## The input
--------------------------------------------------

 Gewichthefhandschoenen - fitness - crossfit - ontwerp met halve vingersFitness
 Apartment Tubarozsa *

--------------------------------------------------

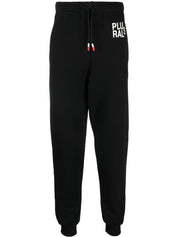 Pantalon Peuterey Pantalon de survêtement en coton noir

--------------------------------------------------

## Exercise brief
Scan the records above for the lines holding "Gewichthefhandschoenen - fitness" and "Apartment Tubarozsa *". Transcribe those two and every line between them word for word, and no others.

## Task result
 Gewichthefhandschoenen - fitness - crossfit - ontwerp met halve vingersFitness
 Apartment Tubarozsa *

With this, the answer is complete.